Aim of the Cap => By enforcing a spending limit, the ministry aims to ensure that funds are available for the entire year, manage cash flow better, and avoid the need for large, unplanned supplementary grants.

Problems with the Spending Cap

While aimed at fiscal prudence, the expenditure cap raises legal, economic, and social concerns, as it appears to undermine the core principles of the MGNREGA.

Ignores the Demand-Driven Nature of the Scheme

MGNREGS is designed as a safety net that responds to rural distress. Work demand is not uniform throughout the year; it fluctuates based on various factors.

Seasonal Peaks: Demand is generally highest between April and June, before the monsoon, when agricultural activity is low.

Unforeseen Events: The scheme acts as a crucial buffer during freak weather events. For example, in 2023, deficient rainfall and drought-like conditions in states like Karnataka led to a 20% higher-than-usual demand for work in July and August.

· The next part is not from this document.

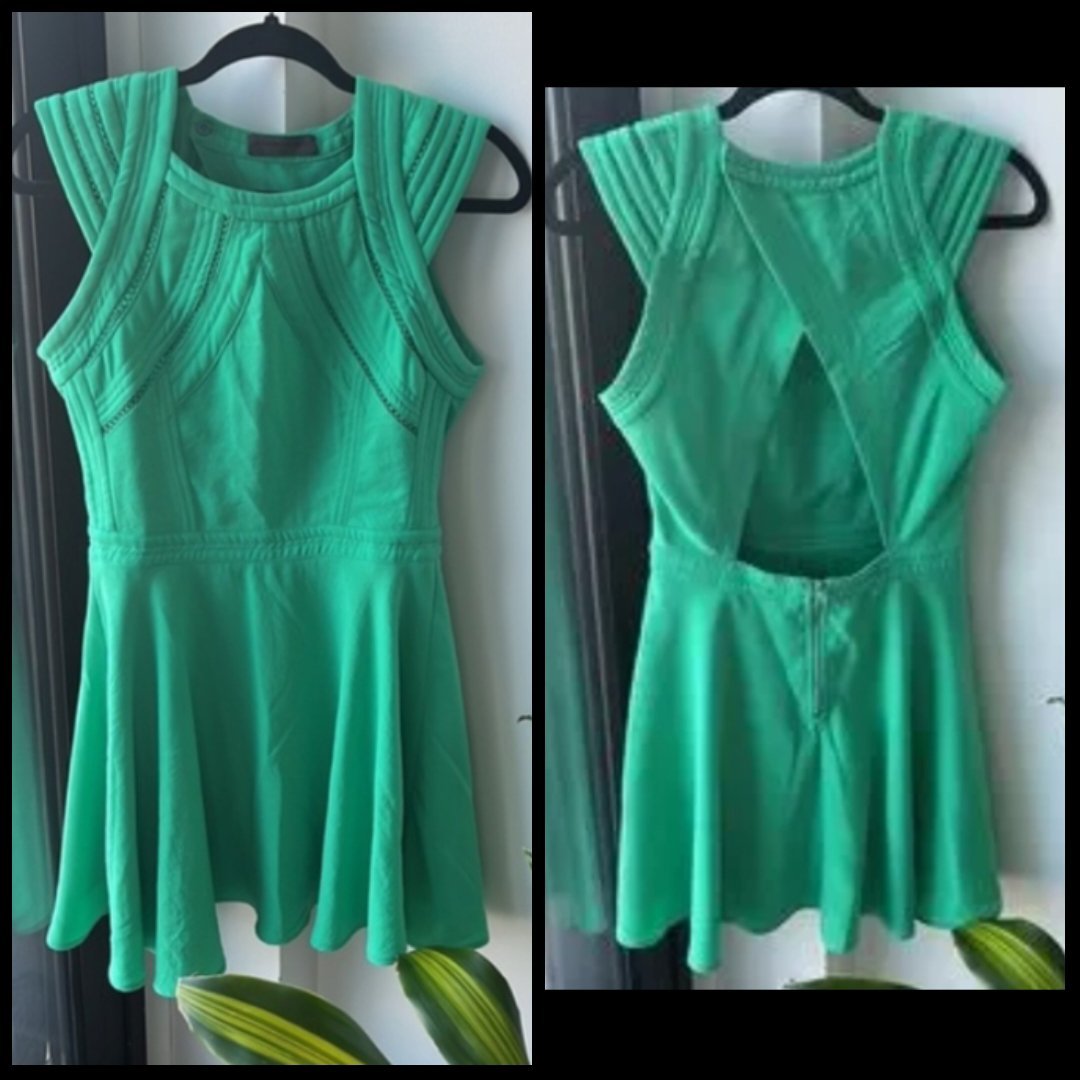 Jolie robe de cocktail ALESSADRO MIELE 🇮🇹 T36 NEUVE  💕20% de remise avec le code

The Cap's Rigidity: A fixed expenditure ceiling does not account for such contingencies. It restricts the scheme's ability to act as an automatic stabilizer during times of sudden rural distress, such as droughts, floods, or poor harvests.

Undermines the Legal Guarantee of Employment

The spending cap conflicts with the legal architecture of the Mahatma Gandhi National Rural Employment Guarantee Act (MGNREGA), 2005.

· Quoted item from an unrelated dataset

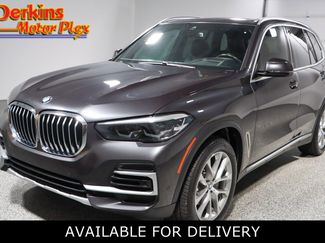 Used 2022 BMW X5 sDrive40i w/ Parking Assistance Package video 1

From Welfare to Right: The Act marked a paradigm shift by establishing employment as a statutory right, not just a government scheme. It places a positive legal obligation on the government to provide up to 100 days of employment on demand.

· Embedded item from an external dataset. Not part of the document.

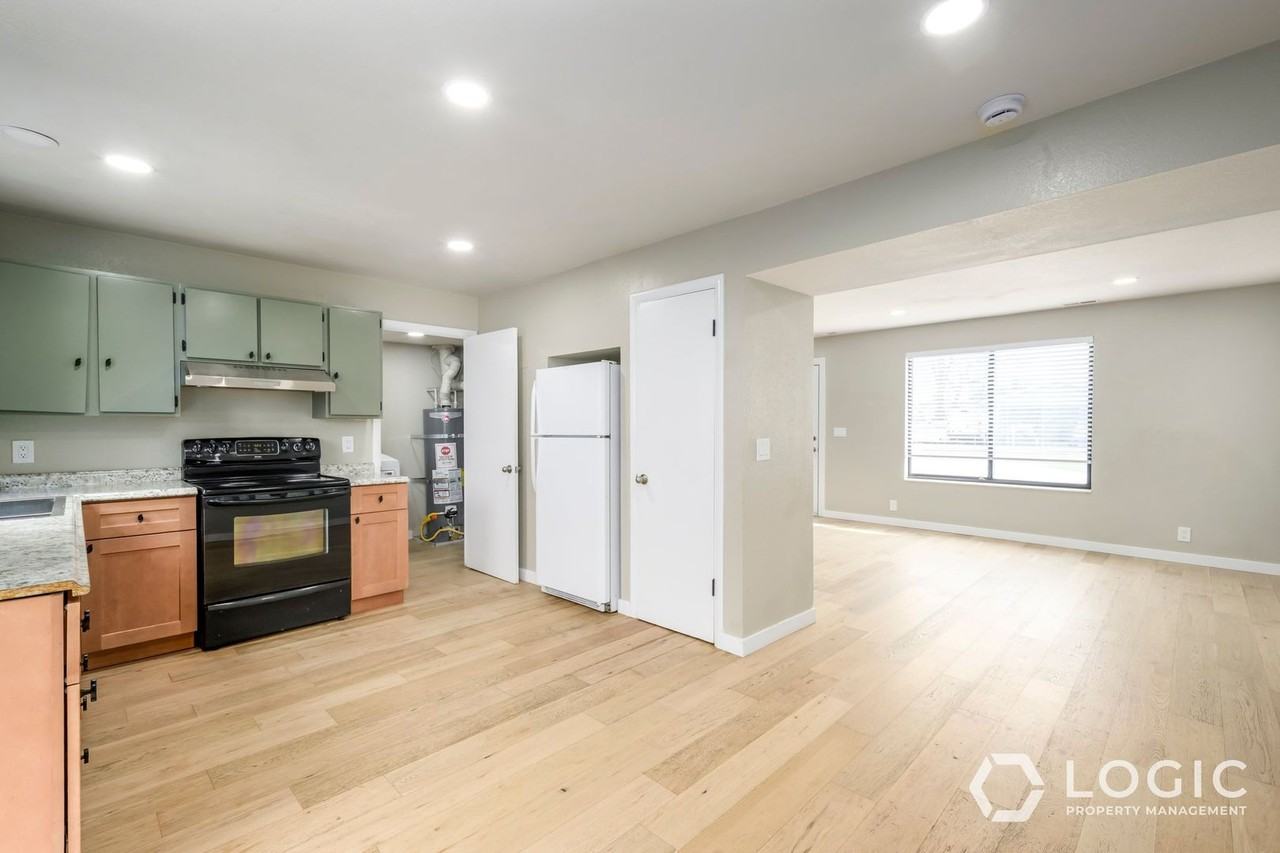 2346 S 1440 W - Photo 6 of 20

Violation of Statutory Rights: The spending cap could make it impossible for the government to fulfill its legal mandate. Once the 60% ceiling is reached, states may be forced to either deny work to people who demand it or make them work without timely payment. This would violate:

  • Section 3 of the Act: The right to receive employment within 15 days of demanding it.
  • Para 29 of Schedule II: The right to receive wages within 15 days of work completion.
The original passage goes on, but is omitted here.